PROBLEM STATEMENT:
Output the exact lines that start at the one containing "Silver Vortex Industrial" and continue to the last line of the entries below; do not output pictures.

DATA SUPPLIED:
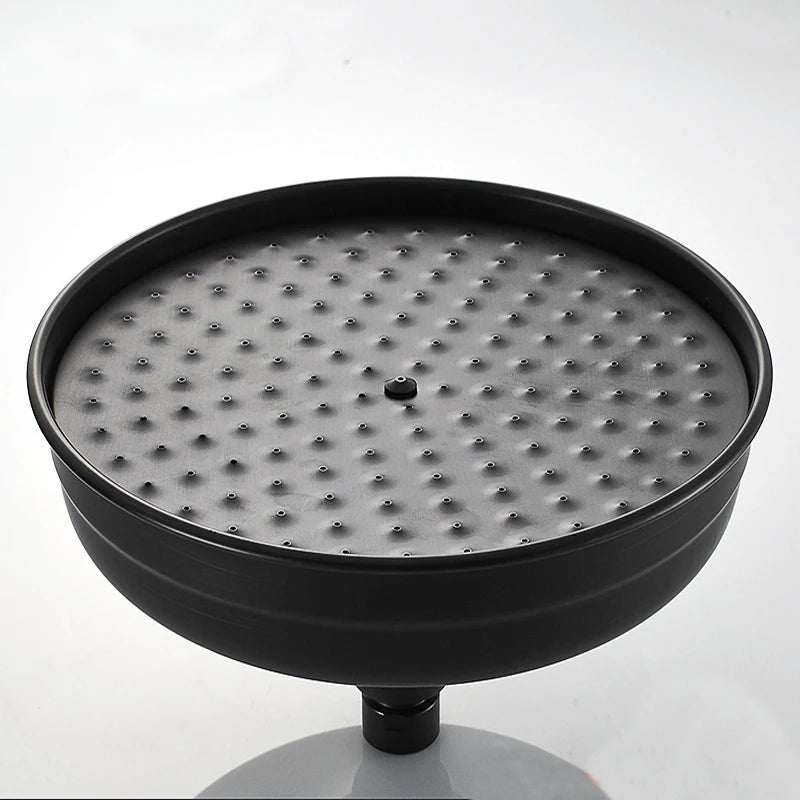 Rainfall Shower Head Round 8 -inch Rain Bathroom Shower Head Black Brass Handshower Head 1.5 M shower Hose Hand Shower Brasket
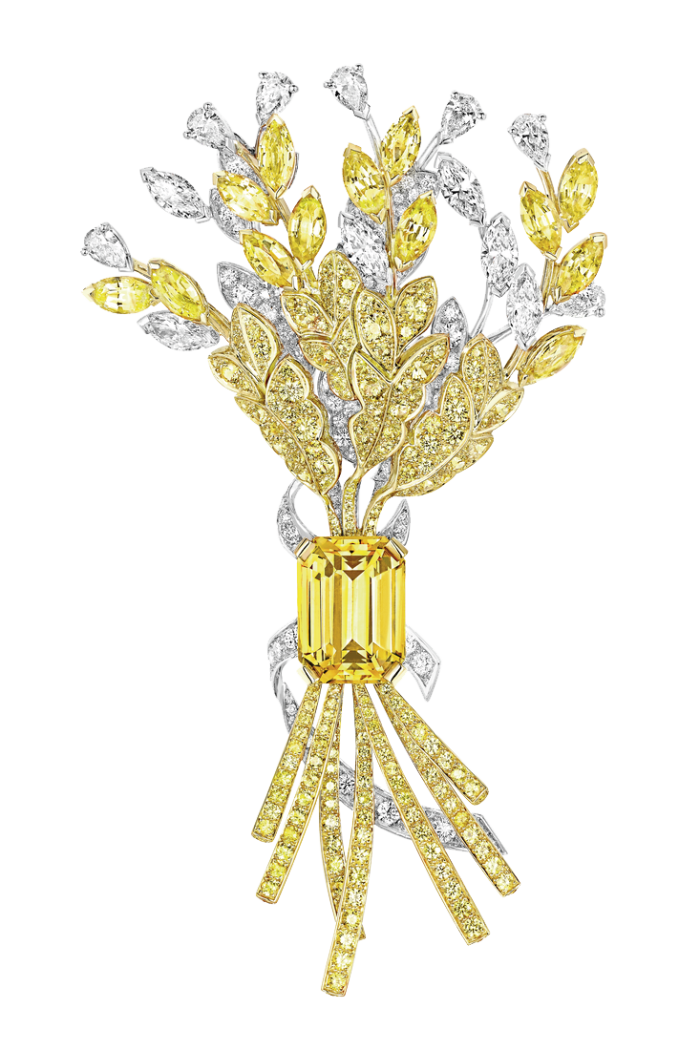 Chanel gold, diamond, sapphire and Platinum Les BlÉs de chanel brooch, POA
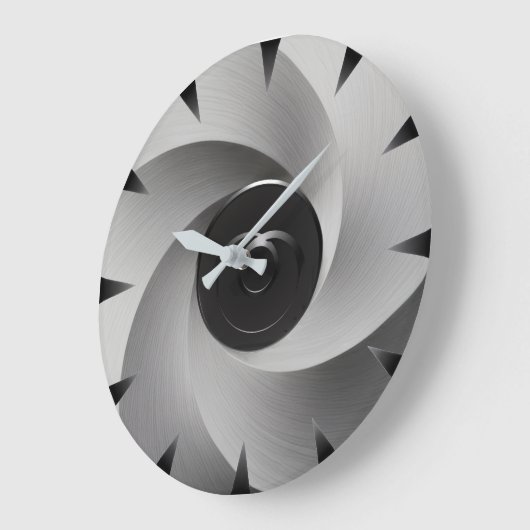 Silver Vortex Industrial Wall Clock Grote Klok (Hoek)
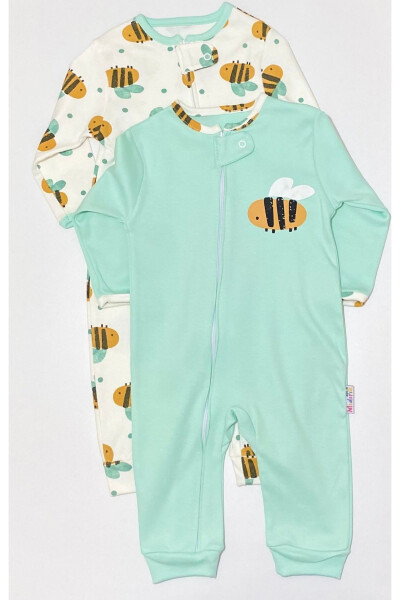 Baby Girl/Boy 100% Cotton Breathable Zippered Bee/Flower Patterned Three-Piece Sleepsuit - 5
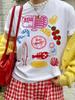 Seafood Fruit Pattern Print Tshirt Fashion Casual Short Sleeved T-shirt Y2k Loose Graphic Tops Vintage Oversized Clothing Unisex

ANSWER SPACE:
 Silver Vortex Industrial Wall Clock Grote Klok (Hoek)
 Baby Girl/Boy 100% Cotton Breathable Zippered Bee/Flower Patterned Three-Piece Sleepsuit - 5
 Seafood Fruit Pattern Print Tshirt Fashion Casual Short Sleeved T-shirt Y2k Loose Graphic Tops Vintage Oversized Clothing Unisex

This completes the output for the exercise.